JR東海はトンネル建設によって大井川の水量は毎秒2トン減少すると推計を公表しているが年間流量の19億トンと比較すれば(毎秒2トンで1年間に6307万トンであり3・3%に相当)微々たるものと主張する。豊水期と渇水期の流量差が大きい実態を無視したこのような発言を繰り返していること、また下流域の地下水と上流域深部のイオン濃度が異なることについても下流域は中下流域の水に近いことから上流部のトンネル工事による流量棄損が下流域の地下水に影響を与えないとの主張も、限られた調査地点の分析だけでは解明されたとは言えないと述べた。
南アルプスの自然と大井川の水は守れない
リニア新幹線ルート選定にあたって過去の水力エネルギー開発による流量減少とこれに対して今日まで続く「水返せ運動」の歴史や水の資源としての問題だけでなく、流量の維持・改善が課題となっているこの川の水に及ぼす影響を考慮して選定されたものかと疑問を呈し、国際興業最高技術顧問の大島洋志氏のトンネルの路線選定にあたって考えるべきことを引用し次のように述べた。

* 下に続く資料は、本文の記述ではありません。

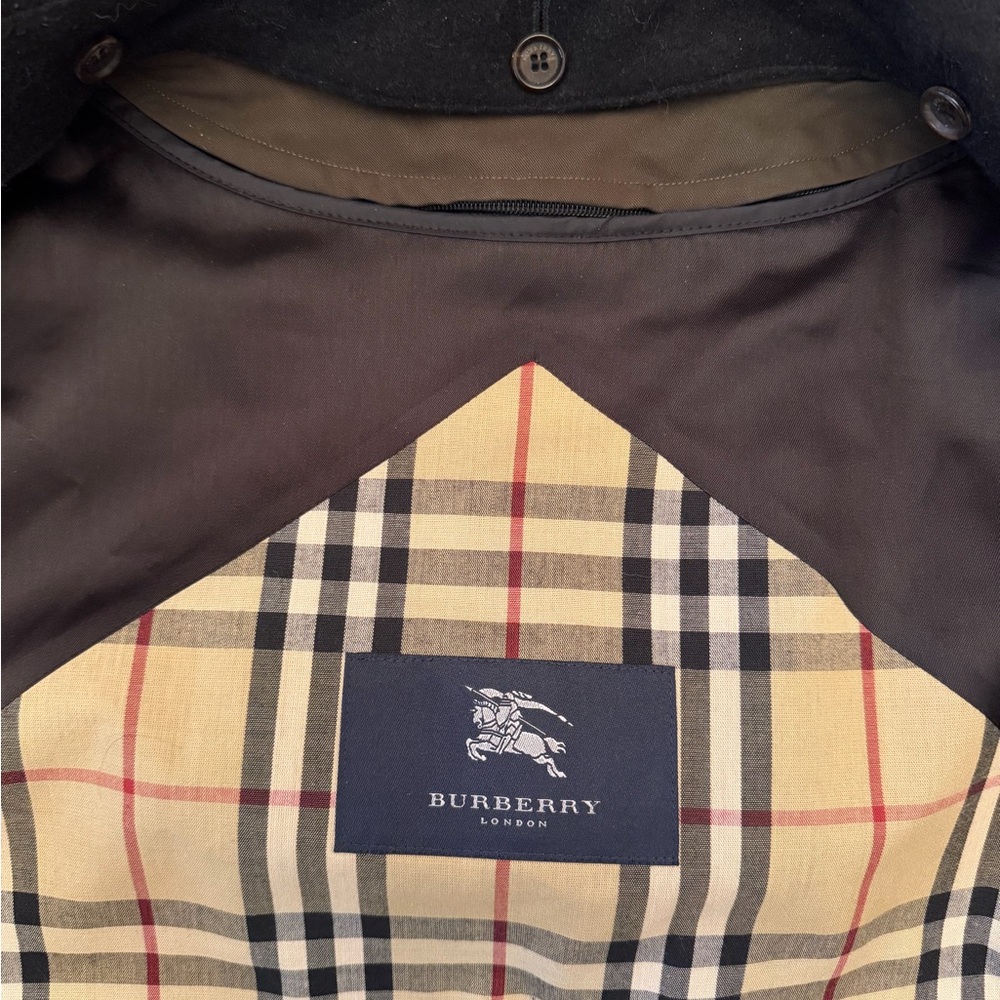 Burberry Men's Classic Check Lined Jacket - Black & Olive Green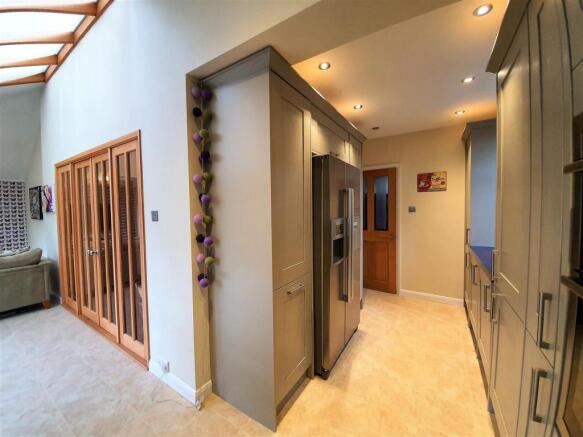 7 Glenhurst Avenue - kitchen3.jpg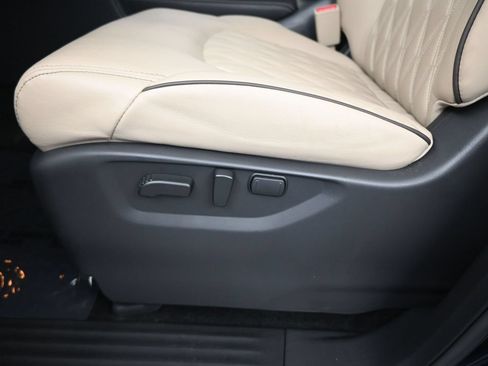 Certified 2023 Nissan Armada Platinum w/ Captain's Chairs Package AWD/4WD image 10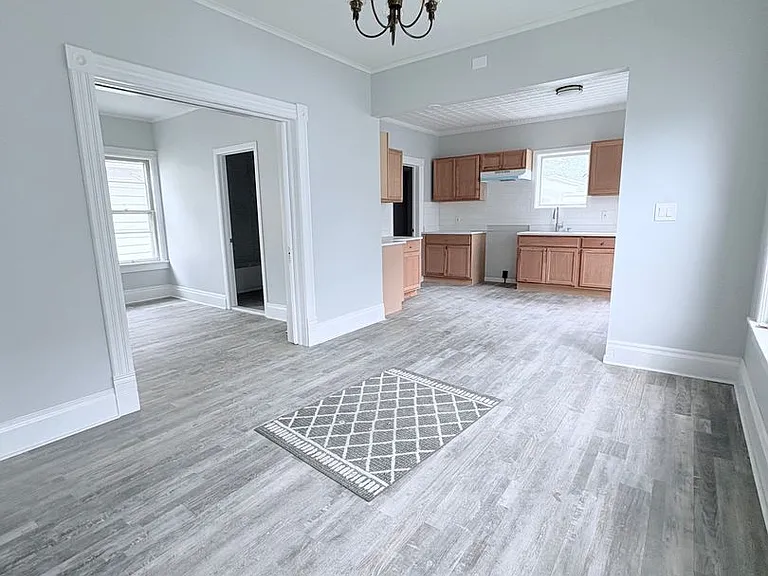 409 Healy Ave — Photo 5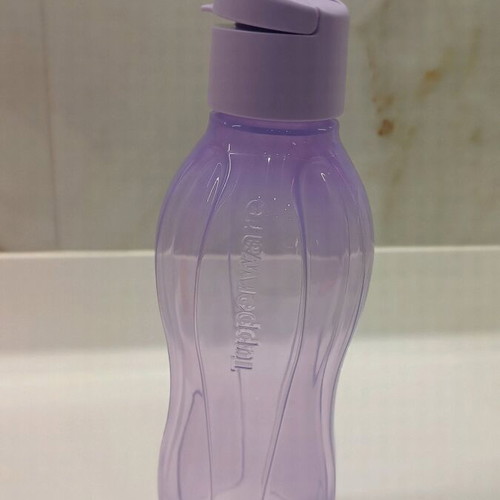 Tupperware bottle 750 ml new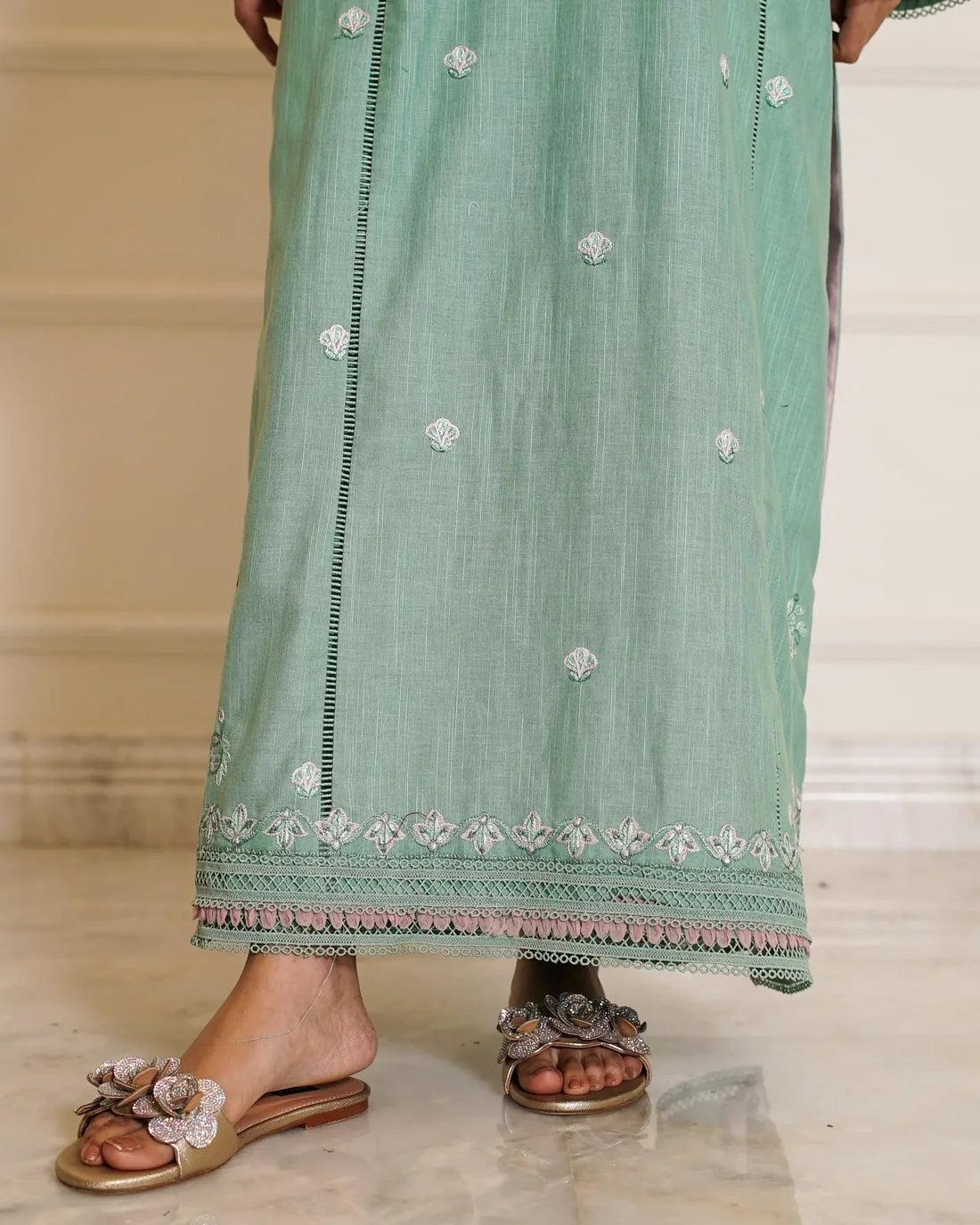 Mint Breeze – Embroidered 3-Piece Khaddar Suit with Wool Shawl
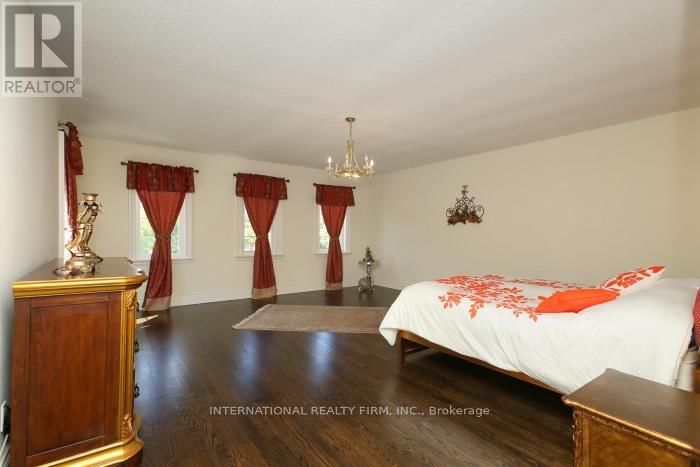 7 ELDERWOOD DRIVE Image 12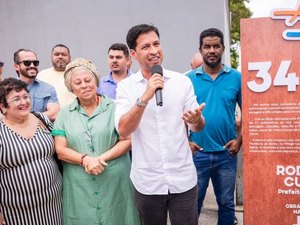 Rodrigo Cunha entrega 34 ruas pavimentadas no Village Campestre 2 e Canto do Mainá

地質調査は路線選定の段階にこそ力を入れるべきで、地質技術者が注意すべき要点は①盆地の直下の横断、河川の下を長く併行するのは極力避ける。②トンネル内の一番高いところが行政区の境になるよう設計し、湧水に関する地域間の争いを避けるべきとしている。
ところがリニア新幹線南アルプストンネルは褶曲山脈の断層・破砕帯をいくつも突破し①大井川の谷合の東俣川をくぐり、その後しばらく西俣川に沿う(併行)ルートをとる。JR東海による地質調査によっても東又沿いの断層部分と西俣の断層周辺の亀裂が発達した地山では、川の流れが地下水を涵養していることが指摘されている。
②トンネルは静岡県に開口部がなく、最高点が長野・静岡県境に近い静岡県内にあり、トンネルのほとんどが山梨県側に下る勾配となるため湧き出す水は山梨県側に流れ下る。ポンプアップして大井川に戻すというが私企業が将来にわたってこれを続けられる保証はない。したがって南アルプストンネルは、これらの留意点を承知したうえで、掘ってはいけないところに計画されていることを明らかにした。先の大島洋志氏は専門誌への寄稿の中でこのトンネル工事はこれまでの日本のトンネル工事で経験の無い地形・地質条件下で格段の難工事となると述べている。JR東海は静岡県の工事許可が下りればあらゆる手段を講じてトンネルの完成を目指すとしている。掘削の妨げになる切羽の湧水を無くすために水抜きボーリングや環境への汚染が心配される各種薬液の地層への注入。これで足りなければ水抜きのために新たなトンネル掘削も否定していない。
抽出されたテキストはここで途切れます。